++++ RECORDS PROVIDED ++++
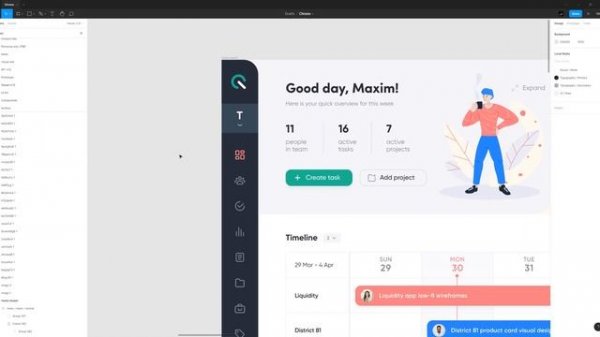 Дизайн-система / UI Kit в Фигме #1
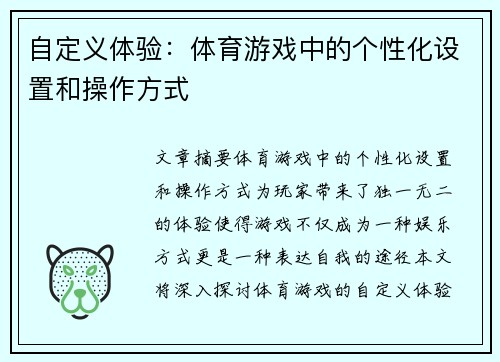 自定义体验：体育游戏中的个性化设置和操作方式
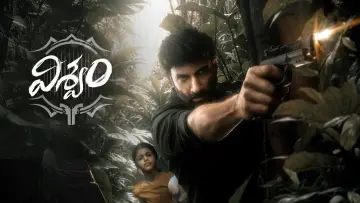 Backdrop to the movie "Viswam" #1172504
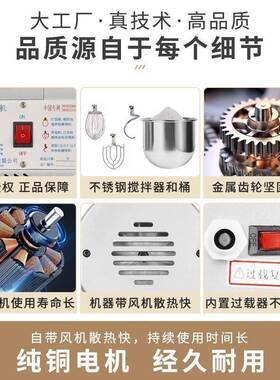 力丰b15B20搅拌机商用和面机强力打蛋面粉馅料厨师奶油鲜奶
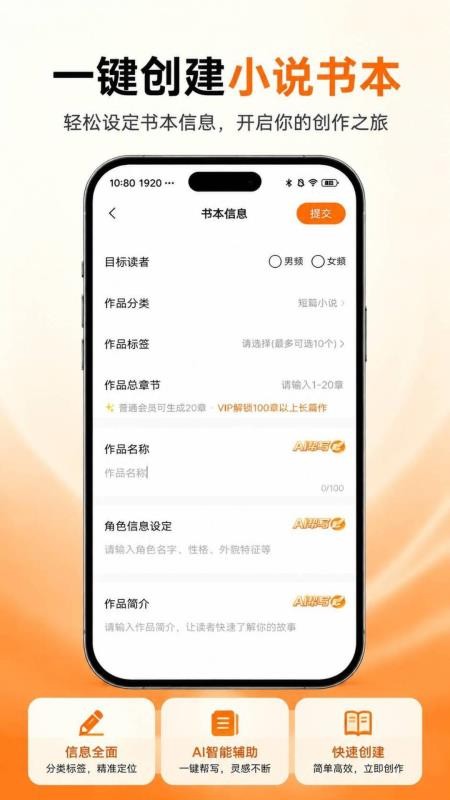 AI小说生成免费版v1.0.0截图3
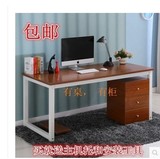 办公桌书桌笔记本台式电脑桌双人写字台钢木桌现代简约餐桌椅组合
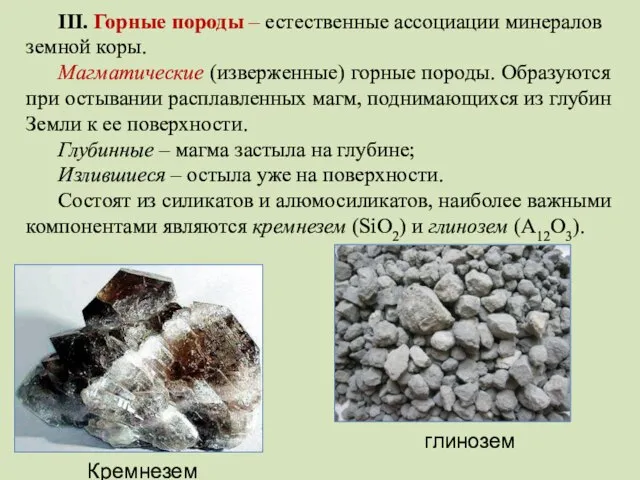 III. Горные породы – естественные ассоциации минералов земной коры. Магматические (изверженные)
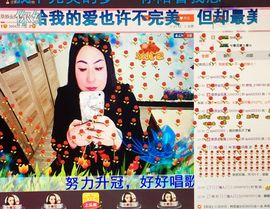 往后余生-凤凰休息中主播照片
++++
• **TO DO**: Extract, character for character, every line from the one that holds "自定义体验：体育游戏中的个性化设置和操作方式" through the end of the entries above. Include both boundary lines and no pictures.

• **SOLUTION TO THIS EXERCISE**:
 自定义体验：体育游戏中的个性化设置和操作方式
 Backdrop to the movie "Viswam" #1172504
 力丰b15B20搅拌机商用和面机强力打蛋面粉馅料厨师奶油鲜奶
 AI小说生成免费版v1.0.0截图3
 办公桌书桌笔记本台式电脑桌双人写字台钢木桌现代简约餐桌椅组合
 III. Горные породы – естественные ассоциации минералов земной коры. Магматические (изверженные)
 往后余生-凤凰休息中主播照片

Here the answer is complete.